JSON aggregation with JSON_AGG in PostgreSQL - Time & Space Complexity
When we use JSON_AGG in PostgreSQL, we combine many rows into one JSON array. Understanding how long this takes helps us know how it will behave as data grows.
We want to find out how the time to create this JSON array changes when we have more rows.
Analyze the time complexity of the following code snippet.
SELECT department_id, JSON_AGG(employee_name) AS employees
FROM employees
GROUP BY department_id;
This query groups employees by their department and collects their names into a JSON array for each department.
Identify the loops, recursion, array traversals that repeat.
- Primary operation: Scanning all employee rows and adding each employee name to a JSON array per department.
- How many times: Once for each employee row in the table.
As the number of employees grows, the work to add each name to the JSON array grows linearly.
| Input Size (n) | Approx. Operations |
|---|---|
| 10 | About 10 additions to JSON arrays |
| 100 | About 100 additions to JSON arrays |
| 1000 | About 1000 additions to JSON arrays |
Pattern observation: The time grows directly with the number of employees; doubling employees roughly doubles the work.
Time Complexity: O(n)
This means the time to build the JSON arrays grows in a straight line as the number of rows increases.
[X] Wrong: "JSON_AGG runs in constant time no matter how many rows there are."

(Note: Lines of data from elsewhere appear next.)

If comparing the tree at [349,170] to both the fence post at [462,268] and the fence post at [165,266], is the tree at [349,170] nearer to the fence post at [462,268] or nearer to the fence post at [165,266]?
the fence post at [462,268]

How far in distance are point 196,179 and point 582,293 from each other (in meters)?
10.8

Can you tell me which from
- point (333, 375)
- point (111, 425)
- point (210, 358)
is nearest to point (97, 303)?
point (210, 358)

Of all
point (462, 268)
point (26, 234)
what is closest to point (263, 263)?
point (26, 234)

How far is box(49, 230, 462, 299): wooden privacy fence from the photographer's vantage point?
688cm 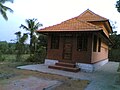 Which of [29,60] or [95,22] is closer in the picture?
[95,22]

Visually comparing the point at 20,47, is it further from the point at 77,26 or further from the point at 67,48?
the point at 77,26

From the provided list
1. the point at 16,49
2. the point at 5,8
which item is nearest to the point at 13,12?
the point at 5,8

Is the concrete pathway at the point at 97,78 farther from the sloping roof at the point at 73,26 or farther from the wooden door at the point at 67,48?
the sloping roof at the point at 73,26

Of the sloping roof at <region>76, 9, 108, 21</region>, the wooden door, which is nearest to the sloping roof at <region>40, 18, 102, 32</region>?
the wooden door

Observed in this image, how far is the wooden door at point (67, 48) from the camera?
14.8m

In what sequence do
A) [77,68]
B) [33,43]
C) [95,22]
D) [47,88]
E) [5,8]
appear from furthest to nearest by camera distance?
[33,43]
[5,8]
[95,22]
[77,68]
[47,88]

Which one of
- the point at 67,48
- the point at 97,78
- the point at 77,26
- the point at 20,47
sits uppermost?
the point at 77,26

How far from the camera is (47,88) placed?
26.0ft

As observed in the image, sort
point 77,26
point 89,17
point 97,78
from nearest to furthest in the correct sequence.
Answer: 1. point 97,78
2. point 77,26
3. point 89,17

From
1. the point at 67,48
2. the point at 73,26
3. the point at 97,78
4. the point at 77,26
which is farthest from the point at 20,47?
the point at 97,78

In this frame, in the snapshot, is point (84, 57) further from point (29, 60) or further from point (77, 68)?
point (29, 60)

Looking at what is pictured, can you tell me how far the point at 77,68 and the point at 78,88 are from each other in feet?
17.5

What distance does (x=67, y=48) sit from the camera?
1491 cm

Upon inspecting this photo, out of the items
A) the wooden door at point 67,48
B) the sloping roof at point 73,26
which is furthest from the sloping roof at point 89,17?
the wooden door at point 67,48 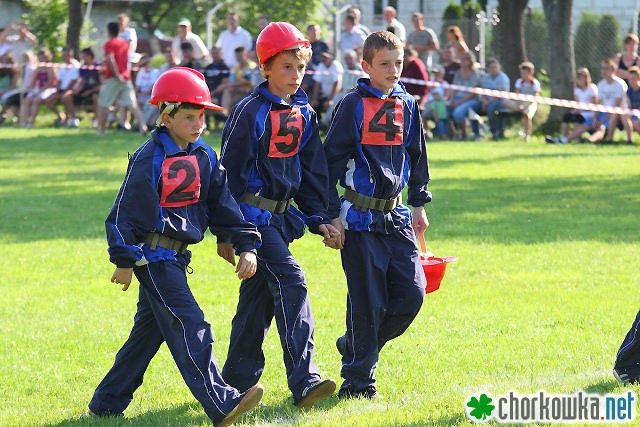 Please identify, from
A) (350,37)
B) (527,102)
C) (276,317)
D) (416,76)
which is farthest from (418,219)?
(350,37)

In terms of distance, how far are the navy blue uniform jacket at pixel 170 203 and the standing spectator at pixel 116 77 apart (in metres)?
17.5

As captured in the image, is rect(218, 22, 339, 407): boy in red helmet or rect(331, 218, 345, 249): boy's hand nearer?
rect(218, 22, 339, 407): boy in red helmet

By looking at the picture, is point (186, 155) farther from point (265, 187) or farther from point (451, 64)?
point (451, 64)

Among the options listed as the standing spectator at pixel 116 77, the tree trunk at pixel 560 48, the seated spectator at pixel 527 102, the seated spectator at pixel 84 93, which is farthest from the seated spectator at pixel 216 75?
the tree trunk at pixel 560 48

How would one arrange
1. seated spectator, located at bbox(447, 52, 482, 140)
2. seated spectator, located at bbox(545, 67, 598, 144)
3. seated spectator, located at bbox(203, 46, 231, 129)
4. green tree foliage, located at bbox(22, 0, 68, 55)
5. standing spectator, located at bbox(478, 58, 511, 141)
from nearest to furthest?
seated spectator, located at bbox(545, 67, 598, 144) < standing spectator, located at bbox(478, 58, 511, 141) < seated spectator, located at bbox(447, 52, 482, 140) < seated spectator, located at bbox(203, 46, 231, 129) < green tree foliage, located at bbox(22, 0, 68, 55)

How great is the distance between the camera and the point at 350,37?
76.9 feet

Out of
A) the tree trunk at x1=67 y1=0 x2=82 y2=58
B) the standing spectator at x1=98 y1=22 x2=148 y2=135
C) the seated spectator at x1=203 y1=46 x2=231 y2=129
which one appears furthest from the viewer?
the tree trunk at x1=67 y1=0 x2=82 y2=58

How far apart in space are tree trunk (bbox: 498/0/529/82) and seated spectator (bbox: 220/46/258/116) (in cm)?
633

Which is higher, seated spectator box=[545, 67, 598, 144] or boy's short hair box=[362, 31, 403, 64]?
boy's short hair box=[362, 31, 403, 64]

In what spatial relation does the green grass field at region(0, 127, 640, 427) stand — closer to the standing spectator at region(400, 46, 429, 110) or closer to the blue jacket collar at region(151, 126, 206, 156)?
the blue jacket collar at region(151, 126, 206, 156)

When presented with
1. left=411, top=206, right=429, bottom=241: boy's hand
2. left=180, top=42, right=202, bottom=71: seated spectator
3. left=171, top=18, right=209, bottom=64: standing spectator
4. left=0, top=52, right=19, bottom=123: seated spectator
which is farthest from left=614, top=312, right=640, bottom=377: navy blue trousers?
left=0, top=52, right=19, bottom=123: seated spectator

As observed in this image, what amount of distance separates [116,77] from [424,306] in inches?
606

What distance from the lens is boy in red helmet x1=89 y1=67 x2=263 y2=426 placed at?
17.4ft

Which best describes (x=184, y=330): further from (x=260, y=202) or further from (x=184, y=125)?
(x=184, y=125) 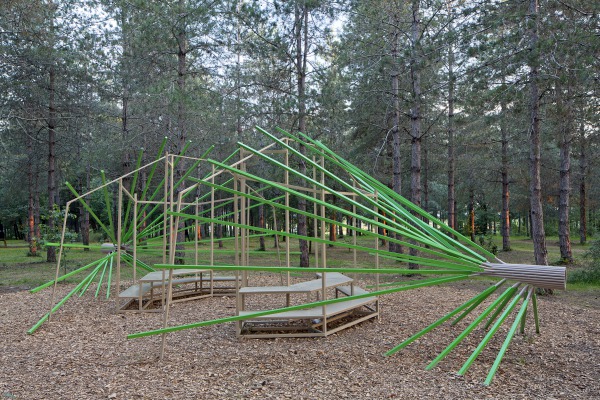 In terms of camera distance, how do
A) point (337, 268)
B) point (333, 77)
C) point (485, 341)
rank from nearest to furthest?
point (337, 268)
point (485, 341)
point (333, 77)

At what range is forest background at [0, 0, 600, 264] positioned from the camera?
8.29 meters

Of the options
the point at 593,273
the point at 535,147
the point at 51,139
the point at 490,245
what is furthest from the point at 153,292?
the point at 490,245

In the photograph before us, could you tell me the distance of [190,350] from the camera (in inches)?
214

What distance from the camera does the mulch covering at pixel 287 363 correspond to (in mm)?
4156

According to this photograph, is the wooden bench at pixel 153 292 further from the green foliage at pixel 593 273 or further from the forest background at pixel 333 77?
the green foliage at pixel 593 273

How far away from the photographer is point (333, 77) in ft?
39.1

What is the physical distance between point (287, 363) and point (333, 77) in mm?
8717

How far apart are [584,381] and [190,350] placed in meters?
4.27

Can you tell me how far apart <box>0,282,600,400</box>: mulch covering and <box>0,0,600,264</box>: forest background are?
338cm

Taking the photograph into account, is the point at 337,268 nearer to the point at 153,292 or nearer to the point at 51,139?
the point at 153,292

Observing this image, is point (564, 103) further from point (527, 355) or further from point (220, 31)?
point (220, 31)

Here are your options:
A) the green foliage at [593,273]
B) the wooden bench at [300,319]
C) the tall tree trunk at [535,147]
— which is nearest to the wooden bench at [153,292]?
the wooden bench at [300,319]

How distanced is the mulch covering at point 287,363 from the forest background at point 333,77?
3385 millimetres

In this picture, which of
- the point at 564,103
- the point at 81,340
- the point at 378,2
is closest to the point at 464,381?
the point at 81,340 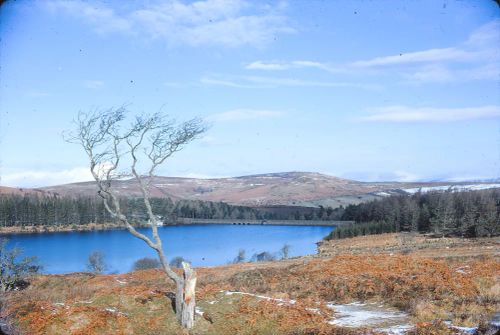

[OK] Correct: Each row must be processed and added to the JSON array, so more rows mean more work and more time.
Understanding how aggregation functions like JSON_AGG scale helps you explain query performance clearly and shows you know how databases handle data growth.
"What if we used JSON_AGG on a filtered subset of employees instead of all employees? How would the time complexity change?"